(Problem details):
From the data below, return only the lines from the one with "Golden Bites Glass Tube Earrings" through the one with "Funny Bigfoot Watching", exact and inclusive, with pictures left out.

(Recorded information):
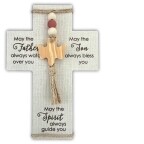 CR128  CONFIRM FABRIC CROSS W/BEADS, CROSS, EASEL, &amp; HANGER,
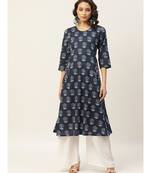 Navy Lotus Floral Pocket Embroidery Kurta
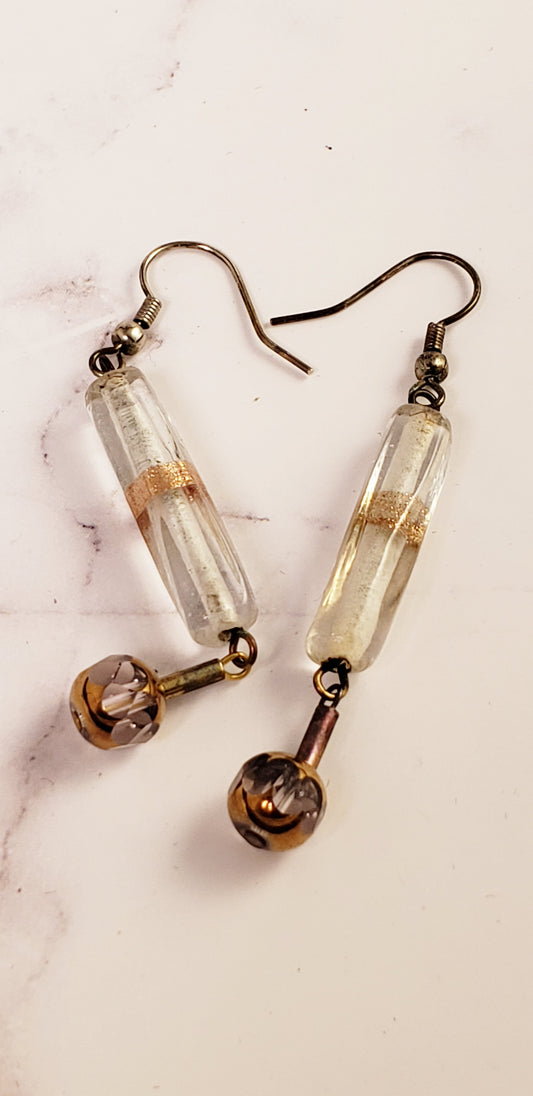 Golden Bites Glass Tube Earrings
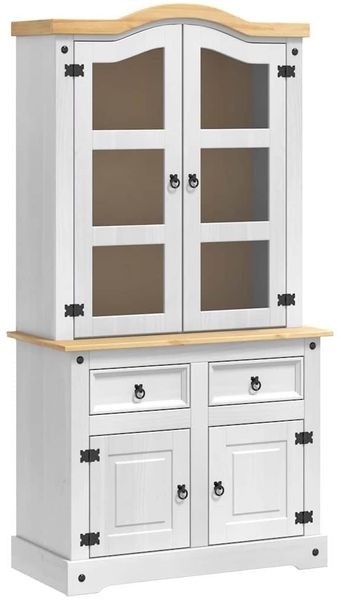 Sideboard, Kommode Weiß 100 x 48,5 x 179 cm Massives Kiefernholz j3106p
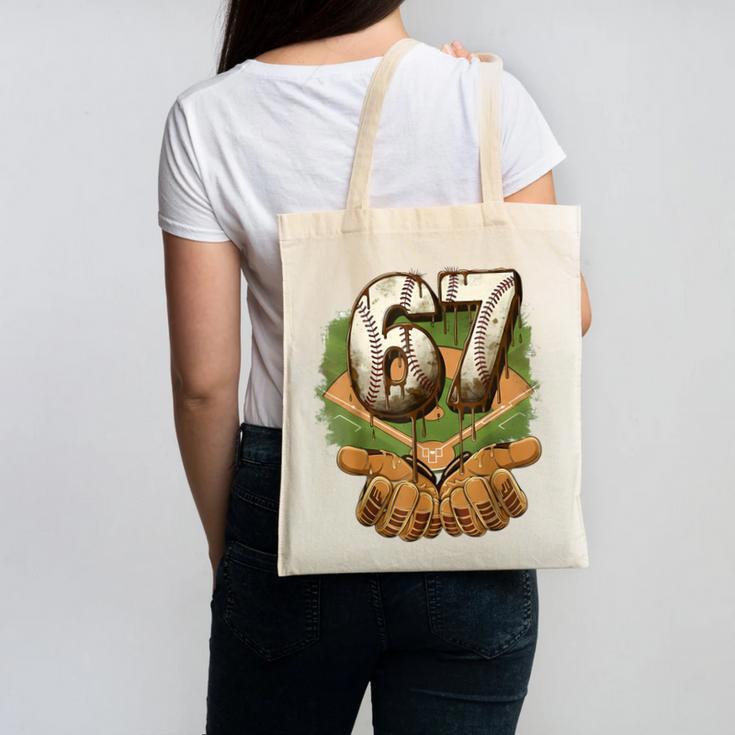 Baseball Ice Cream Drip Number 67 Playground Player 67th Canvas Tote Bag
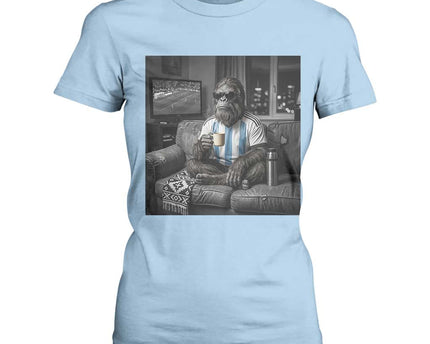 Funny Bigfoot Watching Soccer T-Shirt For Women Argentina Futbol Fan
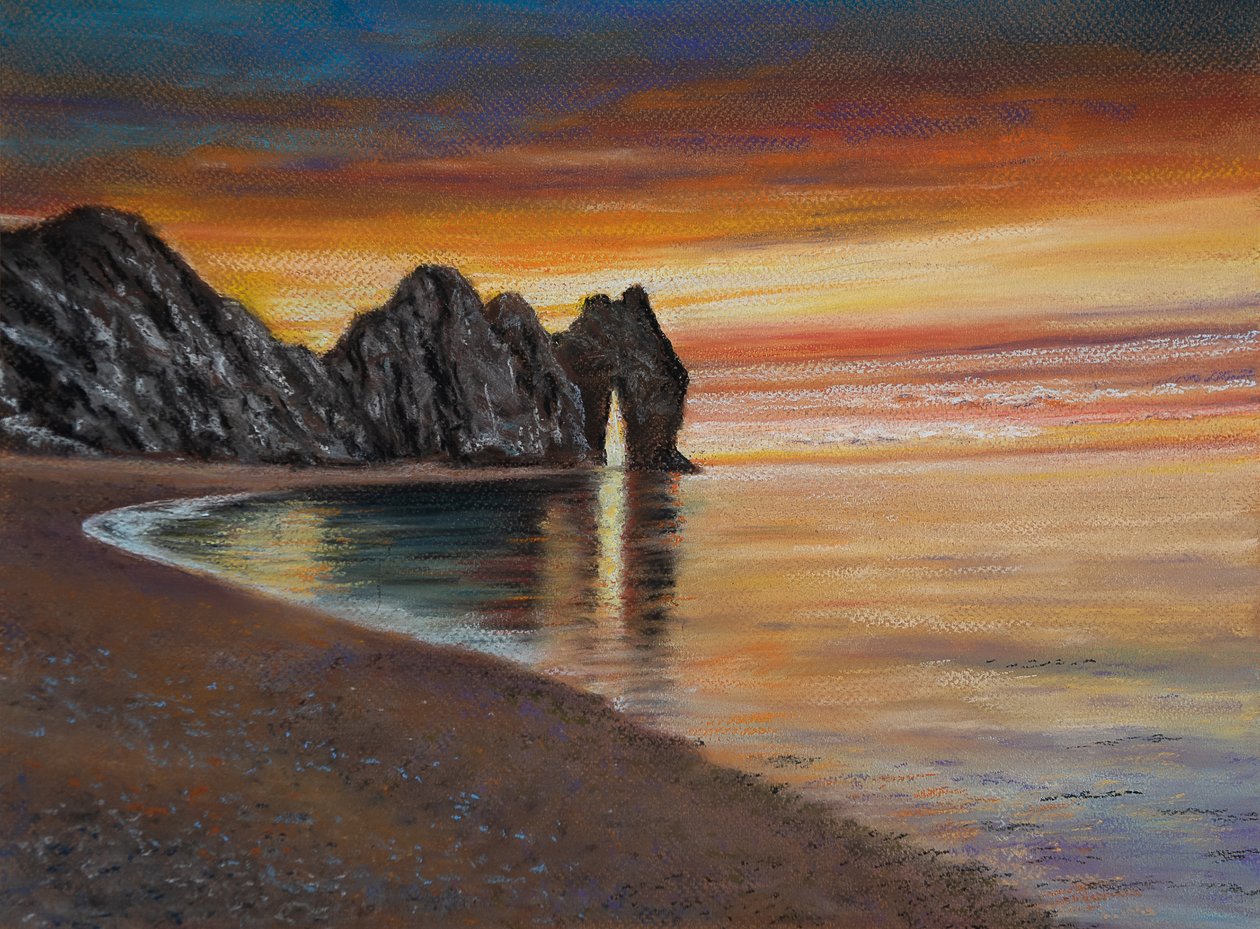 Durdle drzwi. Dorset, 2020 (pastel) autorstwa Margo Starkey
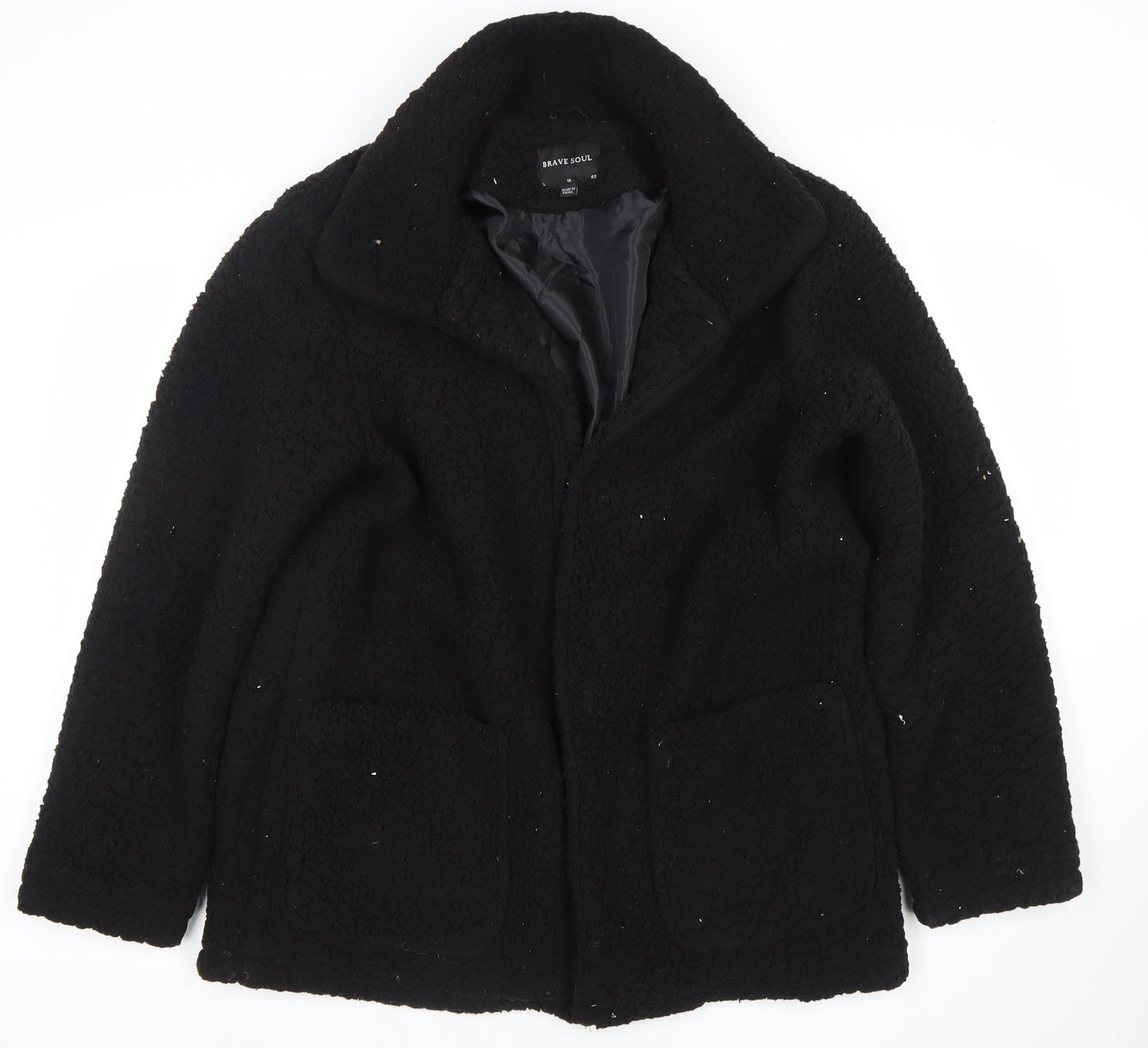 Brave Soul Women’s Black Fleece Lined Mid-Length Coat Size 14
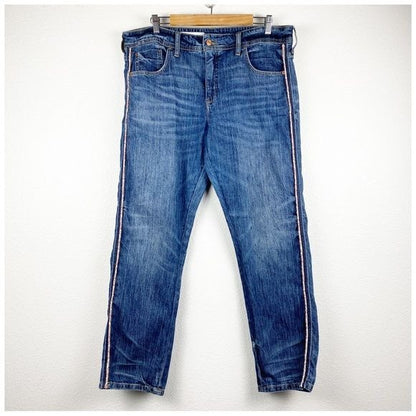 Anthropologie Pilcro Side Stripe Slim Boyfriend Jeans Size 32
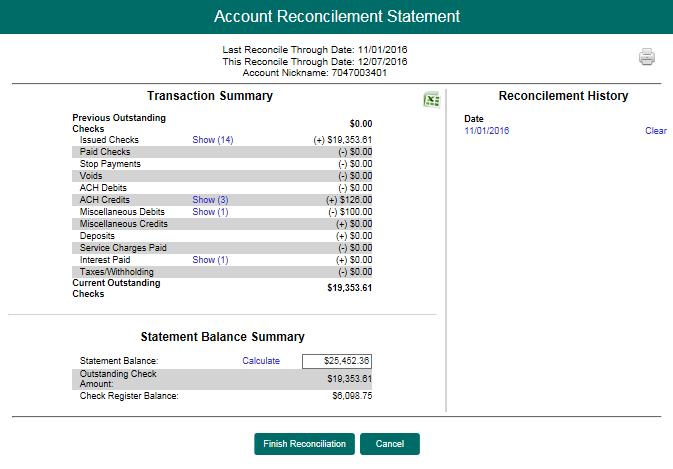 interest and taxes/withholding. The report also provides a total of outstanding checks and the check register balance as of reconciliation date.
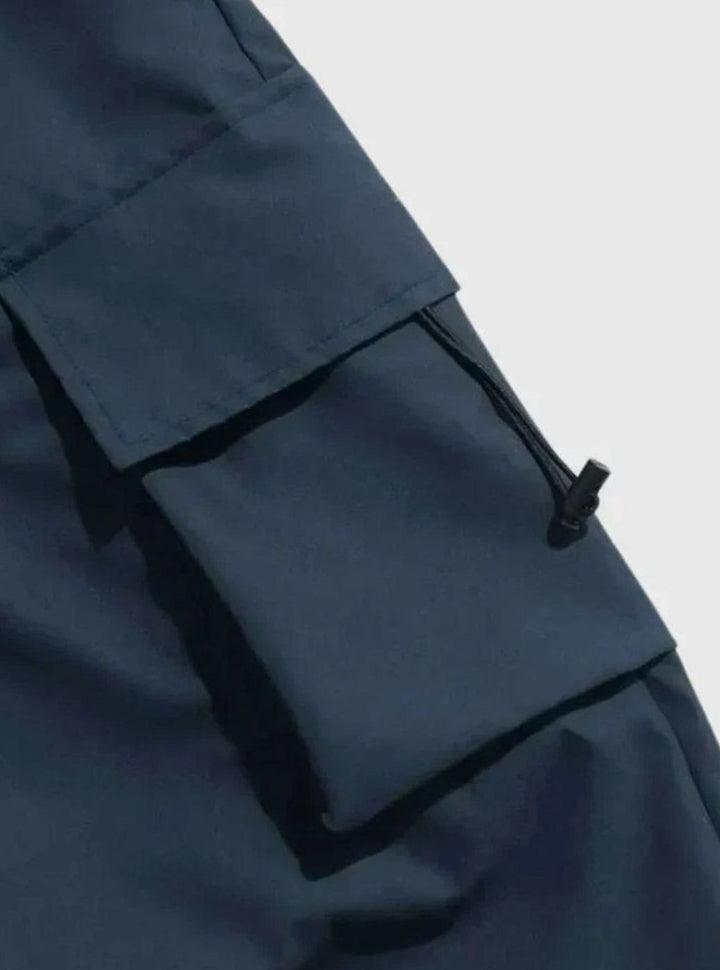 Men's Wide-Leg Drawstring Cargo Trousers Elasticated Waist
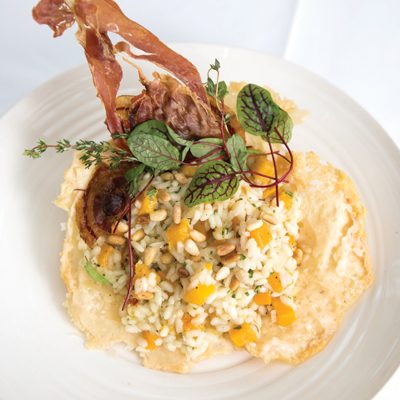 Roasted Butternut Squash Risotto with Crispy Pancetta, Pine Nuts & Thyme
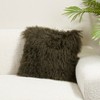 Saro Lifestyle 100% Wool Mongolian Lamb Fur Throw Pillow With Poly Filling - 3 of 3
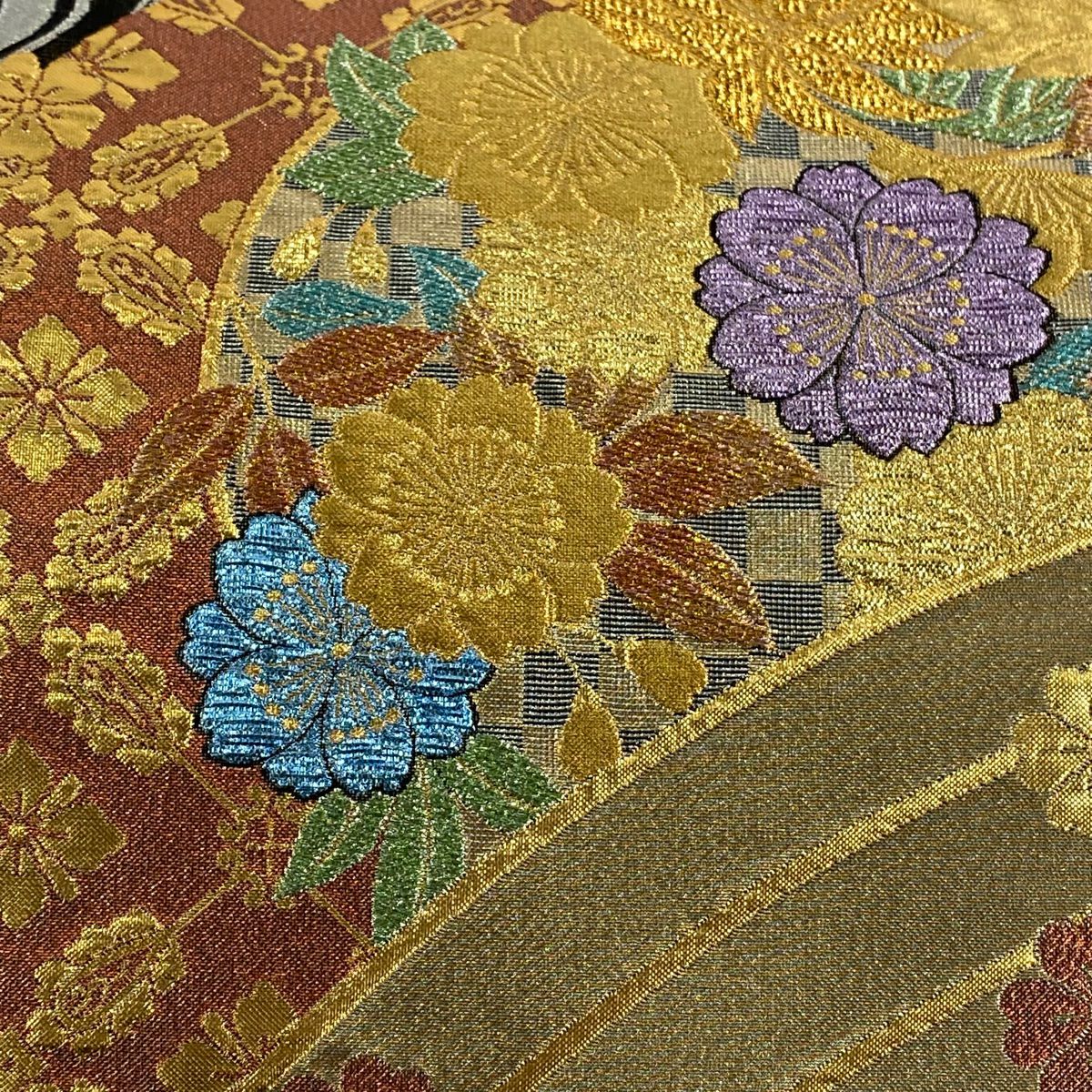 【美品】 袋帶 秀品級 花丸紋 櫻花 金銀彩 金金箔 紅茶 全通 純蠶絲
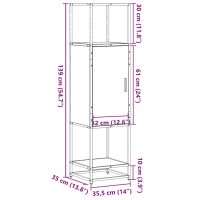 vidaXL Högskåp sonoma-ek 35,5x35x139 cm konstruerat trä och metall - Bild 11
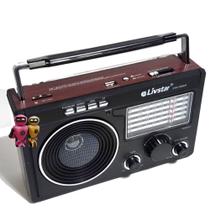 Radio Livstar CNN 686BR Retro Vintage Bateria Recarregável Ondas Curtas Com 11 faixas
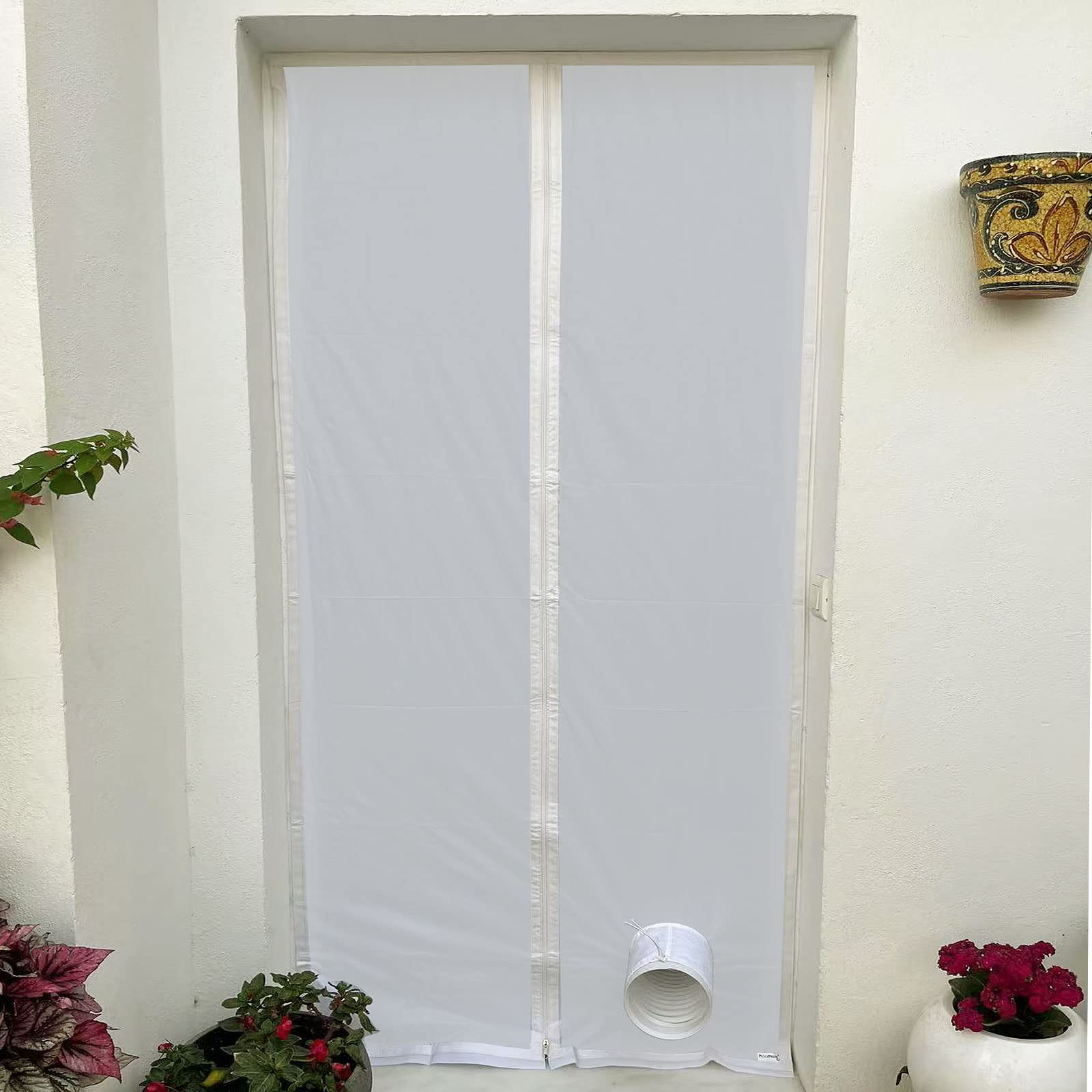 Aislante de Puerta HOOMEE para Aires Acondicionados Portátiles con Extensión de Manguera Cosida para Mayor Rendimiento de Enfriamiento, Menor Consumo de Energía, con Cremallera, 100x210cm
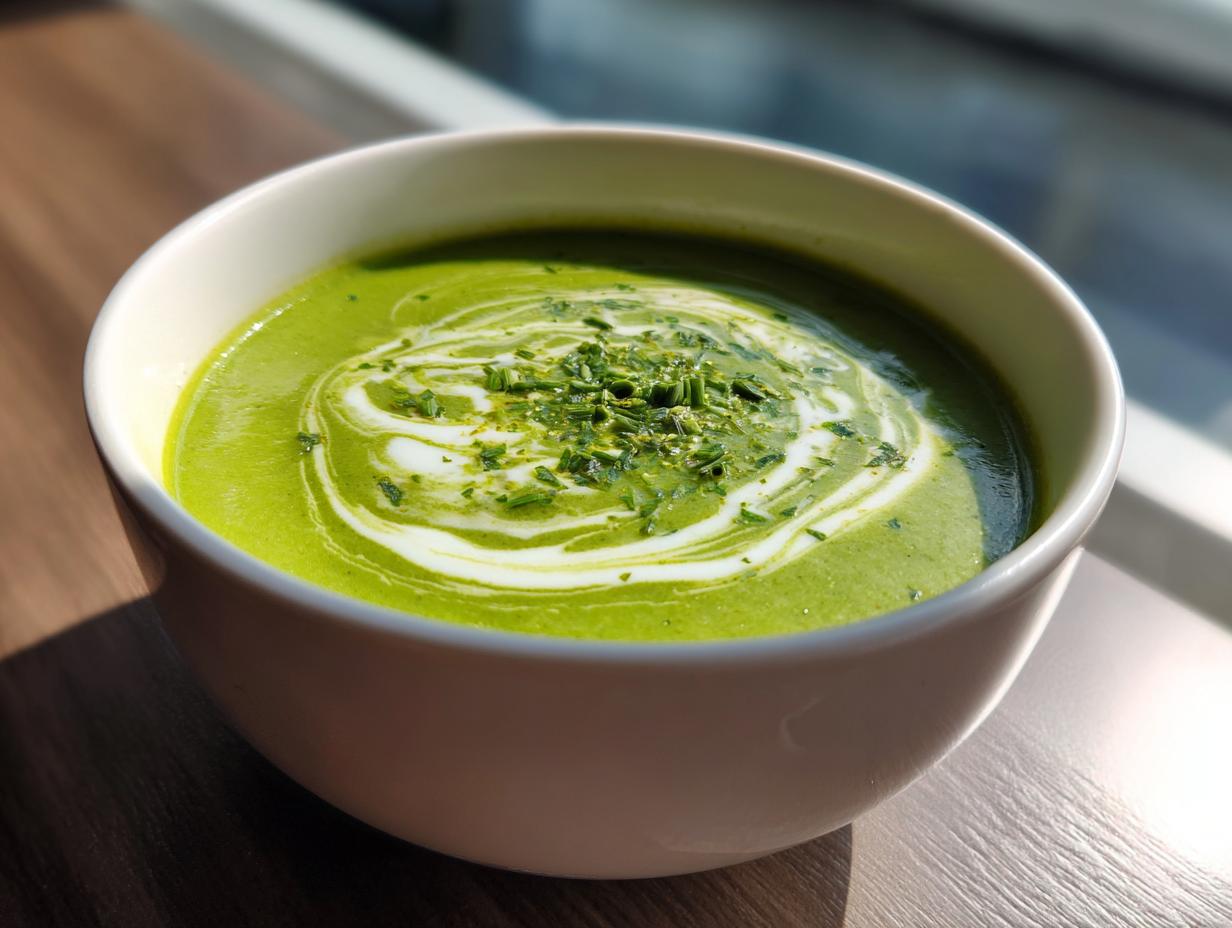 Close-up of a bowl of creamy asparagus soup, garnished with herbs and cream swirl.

(Result of the task):
 Golden Bites Glass Tube Earrings
 Sideboard, Kommode Weiß 100 x 48,5 x 179 cm Massives Kiefernholz j3106p
 Baseball Ice Cream Drip Number 67 Playground Player 67th Canvas Tote Bag
 Funny Bigfoot Watching Soccer T-Shirt For Women Argentina Futbol Fan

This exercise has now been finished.